Every line below that carries the word "Silver" needs to be copied.

* _Recorded data_
----------------
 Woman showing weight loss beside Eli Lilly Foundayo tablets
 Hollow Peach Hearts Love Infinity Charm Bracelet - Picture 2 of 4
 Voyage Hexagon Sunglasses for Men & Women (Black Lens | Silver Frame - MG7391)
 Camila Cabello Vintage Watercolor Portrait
----------------
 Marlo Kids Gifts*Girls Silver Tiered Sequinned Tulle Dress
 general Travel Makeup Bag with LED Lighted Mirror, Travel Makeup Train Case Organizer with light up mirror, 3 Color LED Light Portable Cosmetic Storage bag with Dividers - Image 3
----------------
* _Task solution_
 Voyage Hexagon Sunglasses for Men & Women (Black Lens | Silver Frame - MG7391)
 Marlo Kids Gifts*Girls Silver Tiered Sequinned Tulle Dress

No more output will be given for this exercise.